Trump’s suggestion that Cheney be shot represents an escalation of the violent language he has used to attack his political enemies. And it comes just days before an election in which the former president, who never acknowledged his 2020 defeat, has already eroded public confidence. In recent weeks, he has also suggested military action against political opponents, whom he has described as the “enemy within”.
Cheney is perhaps the most vocal Republican critic of Trump’s efforts to overturn the 2020 election and his role in the riot by his supporters at the US Capitol on January 6, 2021. He played a leading role on the House select committee investigating the attack, and was later ousted from his House seat in the deep red state of Wyoming by a Trump-backed 2022 primary rival.
Cheney responded to Trump’s comments last night, saying, “This is how dictators destroy free nations.”
In a post on X, the former congresswoman adds: “He threatened to kill anyone who spoke against him. “We cannot entrust our country and our freedom to a mean, vindictive, cruel and unstable man who wants to be a tyrant.”
In recent weeks, Cheney has campaigned alongside Vice President Kamala Harris, urging Republicans to set aside partisan differences to support the Democrat and reject a candidate she describes as a threat to democracy.
Following outrage over the remarks, the Trump campaign released a statement Friday in defense of the former president, which it later expanded upon.
“President Trump is absolutely right that war supporters like Liz Cheney are too quick to start a war and send other Americans to fight rather than go to war themselves. Trump campaign spokeswoman Carolyn Leavitt said, “This is a continuation of the latest false media outrage in a blatant attempt to interfere on Kamala Harris’s behalf just days before the election.”
Trump said Thursday he was surprised that former Vice President Dick Cheney also supported Harris because he pardoned Cheney’s former chief of staff Scooter Libby, who was convicted of perjury in 2007.
“I don’t blame him for clinging to his daughter, but his daughter is a very stupid, very stupid person,” Trump said.
Trump called Cheney a “stupid person” and claimed that when Wyoming Republicans were in the House Republican leadership, “she always wanted to go to war with people.”
“You know, they’re all pro-war, when they’re sitting in a nice building in Washington, saying… ‘Let’s send 10,000 troops straight into the mouth of the enemy,'” he said.
The office of former President George W. Bush, in whose administration Dick Cheney served as vice president and Liz Cheney worked at the State Department, declined to comment on Trump’s comments.

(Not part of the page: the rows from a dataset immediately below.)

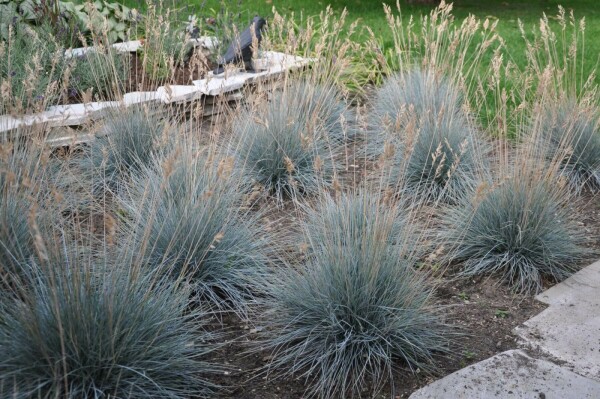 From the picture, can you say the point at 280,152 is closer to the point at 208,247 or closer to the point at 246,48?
the point at 208,247

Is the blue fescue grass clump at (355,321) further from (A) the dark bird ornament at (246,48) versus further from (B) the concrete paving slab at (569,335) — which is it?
(A) the dark bird ornament at (246,48)

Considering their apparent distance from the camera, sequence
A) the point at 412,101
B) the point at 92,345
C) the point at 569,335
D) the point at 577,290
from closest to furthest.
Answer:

Trump’s use of violent language dates back to his first presidential campaign, in 2015 and 2016, when he suggested that one protester deserved to be “punched up” and said he would like to punch another in the face.
Former Defense Secretary Mark Esper wrote in his memoirs that while in office, Trump floated the idea of shooting protesters who took to the streets around the White House after the killing of George Floyd in 2020.
“Can’t you shoot them? According to Esper, Trump asked, just shoot them in the legs or something?
He launched his campaign for the 2024 Republican nomination by saying at a Conservative Political Action Conference meeting: “I am their antithesis.” A few days later, he said at a rally in Waco, Texas that the 2024 election would be “the final battle.”
And throughout his campaign, he has described those convicted for their actions during the Capitol riot as “hostages.”
Harris has condemned Trump’s actions and rhetoric, including a speech she delivered this week from the Ellipse in Washington, where Trump gave his speech on January 6, 2021, as she attempts to woo independents and moderate Republicans. Was doing.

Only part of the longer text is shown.